Achieving Durability

Introduction

At one of my last gigs, building a claims system for an employee benefits 3rd-party administrator, nightly batch processes were a way of life. Yeah, batch processes aren’t sexy, but when you need to mail out thousands of checks every morning, you don’t generate the PDFs from within the user’s rich client Air application.

The durability of these processes was important, and we achieved it by simply leveraging our existing database.

Durability was important because if something happened (which it always does), things should just work. Power/network/whatever went out? Just restart the process. A vendor sent data that we’ve never seen before? The process continues and just tries the funky data again tomorrow.

Previously, these types of events would cause mini-catastrophes that required immediate attention from a developer. Developers would have to hand-edit the file to only retry the “bad” transactions, figure out where a process died and jury rig it to start from there, and just generally do a lot of manual leg-work and hand-holding for the system.

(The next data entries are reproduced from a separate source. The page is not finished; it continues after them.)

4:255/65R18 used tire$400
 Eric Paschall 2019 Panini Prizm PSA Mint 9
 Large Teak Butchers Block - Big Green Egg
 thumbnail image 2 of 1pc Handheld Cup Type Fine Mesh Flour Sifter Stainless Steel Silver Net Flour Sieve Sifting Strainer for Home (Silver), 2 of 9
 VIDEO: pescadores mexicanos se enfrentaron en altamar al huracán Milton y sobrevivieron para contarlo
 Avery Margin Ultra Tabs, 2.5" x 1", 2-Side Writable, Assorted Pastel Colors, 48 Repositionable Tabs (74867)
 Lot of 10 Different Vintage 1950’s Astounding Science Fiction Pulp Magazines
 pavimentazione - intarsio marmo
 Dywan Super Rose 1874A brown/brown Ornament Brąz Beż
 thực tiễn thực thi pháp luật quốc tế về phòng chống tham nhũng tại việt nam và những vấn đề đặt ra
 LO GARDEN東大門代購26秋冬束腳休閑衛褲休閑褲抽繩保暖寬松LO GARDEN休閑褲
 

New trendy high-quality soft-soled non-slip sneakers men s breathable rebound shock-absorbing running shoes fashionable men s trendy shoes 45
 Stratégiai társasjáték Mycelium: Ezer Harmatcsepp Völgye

Instead of constantly fighting fires, the goal was to expect failures, handle them gracefully, and continue on to the next task, either immediately if the error was recoverable or, at worst, after a system restart. This would free up resources from day-to-day fire-fighting and let devs focus on just fixing bugs, not fixing bugs while also finessing the system back into a good state.

Of course, it is unlikely you’ll have the time/desire to make the entire system fault tolerant to the Nth degree, but some basics will still take you a long way, in my experience.

Atomicity

One fundamental concept to durability is atomicity—if you want to continue where you left off before, you can’t redo previous work.

If your tasks are idempotent, you’re in luck. Being idempotent means you can “retry” a task as many times as you want, and the task is smart enough to not cause funky behavior (like double-/triple-processing). For example, it’s a transaction with a unique id that, if you find the id already in your system, you know not to enter it again. If your tasks are idempotent, you can just retry everything and what was already done will not cause duplicates.

However, if your tasks are not idempotent, you’ll have to explicitly mark tasks as pending and then as done.

Marking tasks as done is pretty easy with in-memory lists/etc.—but its neither atomic nor durable. Your process can’t be:

Make an ArrayList of tasks
Do task A
Remove task A from the list
Repeat until list is empty

There are two bad scenarios here:

Failure happens between 2 and 3—you’ve done a task but not yet marked it done.
Failure happens after N tasks—on restart, the ArrayList will have those first N items in it again.

The key to scenario 1) is atomicity—you can’t have a two step “do A” then “mark A done”, because if the box goes down in between those two, you’re going to redo “A” when you come back up.

The key to scenario 2) is to make your lookup of tasks take into account those that are already done.

Embrace ACID

The easiest way I’ve found to achieve durability is to realize you have an awesomely-durable resource at your disposal and you should leverage/abuse it as much as possible: your relational database server.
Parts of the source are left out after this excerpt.